Quello che una volta era considerato “Familismo Amorale” – secondo la definizione coniata dall’antropologo americano Edward Banfield per descrivere il comportamento degli abitanti del Borgo di Chiaromonte in Basilicata, nel quale si massimizzavano “unicamente i vantaggi materiali di breve termine della propria famiglia nucleare, supponendo che tutti gli altri si comportino allo stesso modo” – è stato talmente tollerato da diventare una sorta di autodifesa legittimata, che portava naturalmente l’individuo a perseguire solo l’interesse della propria famiglia e mai quello della comunità.

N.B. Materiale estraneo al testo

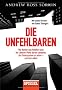 Die Unfehlbaren: Wie Banker und Politiker nach der Lehman-Pleite darum k�mpften, das Finanzsystem zu retten - und sich selbst.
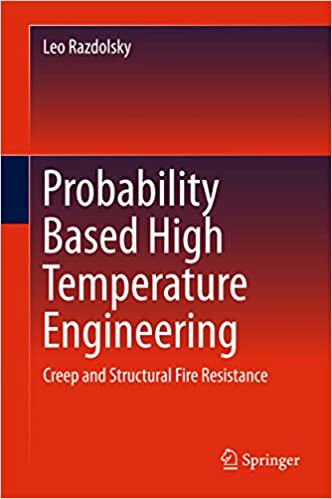 󾕇 دانلود کتاب Probability Based High Temperature Engineering - Creep And Structural Fire Resistance, 2017 - دانلود کتاب های دانشگاهی
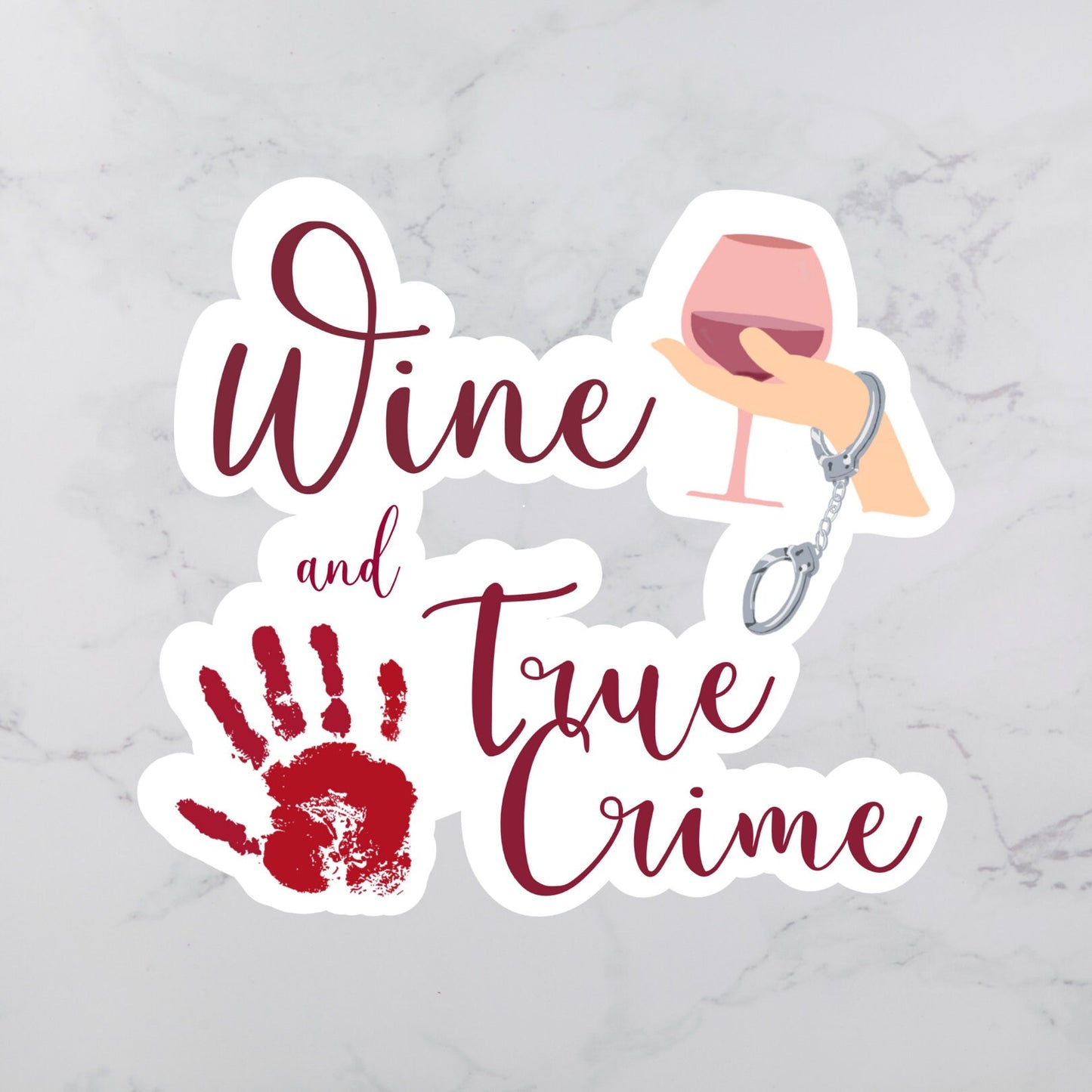 Wine and True Crime Sticker | True Crime Sticker | Wine Sticker | Sarcastic Sticker | Snarky Sticker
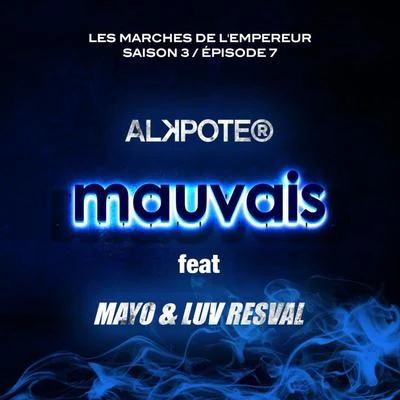 Alkpote Mauvais (Les marches de l'empereur Saison 3 épisode 7)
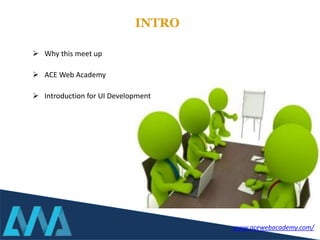  Why this meet up
 ACE Web Academy
 Introduction for UI Development
INTRO
www.acewebacademy.com/
 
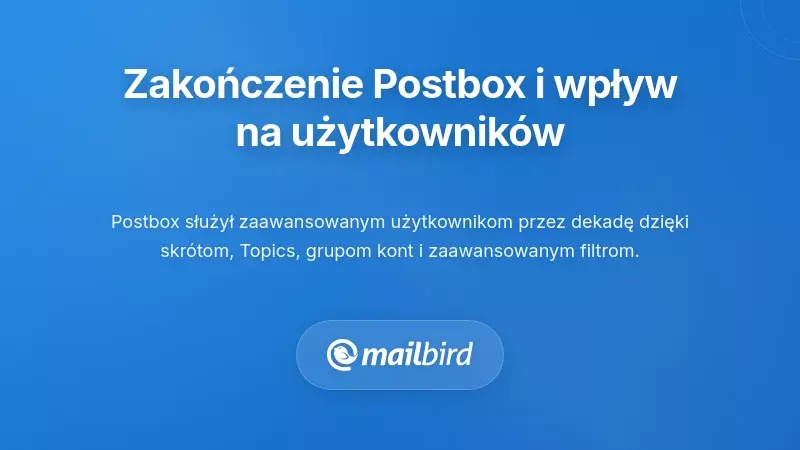 Zrozumienie zakończenia wsparcia Postbox i jego wpływu na użytkownik&oacute;w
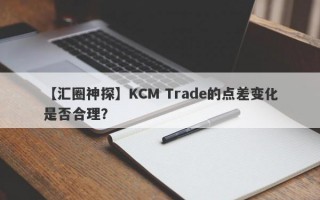 【汇圈神探】KCM Trade的点差变化是否合理？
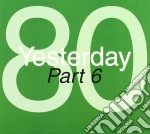 Yesterday '80 - Part 6 cd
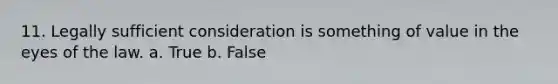 11. Legally sufficient consideration is something of value in the eyes of the law. a. True b. False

Edward Banfield (1916 – 1999)
“Il primo centro di potere è la famiglia”, scriveva Barzini, corollario del “tengo famiglia” di Longanesi. “L’organizzazione legittima o illegittima della quale la famiglia fa parte, è il gruppo, il clan, il partito politico, la camarilla, la combriccola, la consorteria, la setta, l’associazione, l’alleanza aperta o segreta, ma per quanto potenti possano essere altrove queste consorterie, di rado esse hanno l’importanza che hanno sempre avuto e hanno tutt’ora in Italia”. E Gramsci: “al partito politico e al sindacato moderni si preferiscono le cricche, le camorre, le mafie, sia popolari sia legate a classi alte”.